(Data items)
════════════════
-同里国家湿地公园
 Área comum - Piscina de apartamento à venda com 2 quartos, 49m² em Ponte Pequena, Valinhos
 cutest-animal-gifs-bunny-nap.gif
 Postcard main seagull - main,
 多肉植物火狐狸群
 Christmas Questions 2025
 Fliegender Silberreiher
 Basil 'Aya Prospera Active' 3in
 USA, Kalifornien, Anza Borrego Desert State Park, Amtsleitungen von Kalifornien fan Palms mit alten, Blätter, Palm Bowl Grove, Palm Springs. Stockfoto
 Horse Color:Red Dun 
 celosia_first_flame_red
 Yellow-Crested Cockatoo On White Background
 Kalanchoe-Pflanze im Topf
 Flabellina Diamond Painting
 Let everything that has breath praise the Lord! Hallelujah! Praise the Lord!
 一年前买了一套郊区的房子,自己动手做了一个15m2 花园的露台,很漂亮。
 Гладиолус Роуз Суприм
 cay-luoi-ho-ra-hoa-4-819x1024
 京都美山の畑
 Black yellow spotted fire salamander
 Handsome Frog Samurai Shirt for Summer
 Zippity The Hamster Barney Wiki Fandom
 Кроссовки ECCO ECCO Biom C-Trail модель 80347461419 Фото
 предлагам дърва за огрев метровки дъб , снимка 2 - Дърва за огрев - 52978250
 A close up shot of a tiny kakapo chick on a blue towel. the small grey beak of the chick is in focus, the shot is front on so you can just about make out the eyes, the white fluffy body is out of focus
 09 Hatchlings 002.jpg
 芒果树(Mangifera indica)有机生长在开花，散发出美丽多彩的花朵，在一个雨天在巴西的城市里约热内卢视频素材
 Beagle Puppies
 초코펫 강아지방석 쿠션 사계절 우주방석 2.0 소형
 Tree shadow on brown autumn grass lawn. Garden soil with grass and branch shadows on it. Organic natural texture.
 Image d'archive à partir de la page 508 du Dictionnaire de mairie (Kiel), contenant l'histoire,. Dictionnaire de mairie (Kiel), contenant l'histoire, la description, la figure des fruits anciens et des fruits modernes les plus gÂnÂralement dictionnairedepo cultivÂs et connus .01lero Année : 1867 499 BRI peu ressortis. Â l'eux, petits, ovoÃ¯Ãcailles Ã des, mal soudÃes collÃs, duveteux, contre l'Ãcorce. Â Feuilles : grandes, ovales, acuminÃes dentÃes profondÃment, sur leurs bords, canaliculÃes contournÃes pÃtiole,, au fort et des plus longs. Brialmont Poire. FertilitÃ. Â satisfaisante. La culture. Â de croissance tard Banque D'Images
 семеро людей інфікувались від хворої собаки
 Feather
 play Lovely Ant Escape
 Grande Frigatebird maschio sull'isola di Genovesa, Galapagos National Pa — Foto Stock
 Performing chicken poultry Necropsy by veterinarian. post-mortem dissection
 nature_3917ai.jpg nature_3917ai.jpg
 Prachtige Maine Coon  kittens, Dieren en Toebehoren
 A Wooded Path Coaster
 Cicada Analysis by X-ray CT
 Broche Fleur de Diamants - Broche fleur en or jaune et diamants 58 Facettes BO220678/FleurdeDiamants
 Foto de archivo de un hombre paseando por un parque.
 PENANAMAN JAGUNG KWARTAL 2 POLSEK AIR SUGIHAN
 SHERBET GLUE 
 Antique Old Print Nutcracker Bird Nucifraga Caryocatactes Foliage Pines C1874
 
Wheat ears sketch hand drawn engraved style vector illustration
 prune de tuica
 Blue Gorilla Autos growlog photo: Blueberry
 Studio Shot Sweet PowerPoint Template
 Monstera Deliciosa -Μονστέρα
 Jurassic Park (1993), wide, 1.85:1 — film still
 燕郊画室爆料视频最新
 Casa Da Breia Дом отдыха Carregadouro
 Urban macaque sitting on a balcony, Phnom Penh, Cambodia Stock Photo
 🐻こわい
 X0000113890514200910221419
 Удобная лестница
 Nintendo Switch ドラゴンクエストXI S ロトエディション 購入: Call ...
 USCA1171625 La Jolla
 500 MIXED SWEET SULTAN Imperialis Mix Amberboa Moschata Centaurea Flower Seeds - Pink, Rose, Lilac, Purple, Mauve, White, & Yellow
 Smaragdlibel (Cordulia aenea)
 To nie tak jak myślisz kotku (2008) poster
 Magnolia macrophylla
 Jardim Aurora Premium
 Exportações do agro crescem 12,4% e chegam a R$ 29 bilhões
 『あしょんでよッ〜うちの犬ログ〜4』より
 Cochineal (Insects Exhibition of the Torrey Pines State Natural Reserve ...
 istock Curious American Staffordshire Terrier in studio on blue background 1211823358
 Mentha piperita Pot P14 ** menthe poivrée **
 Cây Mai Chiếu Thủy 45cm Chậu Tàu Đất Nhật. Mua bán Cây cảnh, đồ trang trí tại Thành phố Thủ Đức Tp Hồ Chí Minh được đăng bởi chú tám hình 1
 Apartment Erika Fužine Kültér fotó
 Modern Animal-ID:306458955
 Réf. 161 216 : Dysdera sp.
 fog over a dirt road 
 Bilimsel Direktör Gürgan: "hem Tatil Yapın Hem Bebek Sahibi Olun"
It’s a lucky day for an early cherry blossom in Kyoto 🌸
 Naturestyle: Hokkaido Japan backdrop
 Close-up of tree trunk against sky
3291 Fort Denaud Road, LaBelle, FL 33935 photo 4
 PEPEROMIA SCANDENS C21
════════════════
Reply with the count alone: how many lines of the records contain the string "State"?

** Exercise solution **
2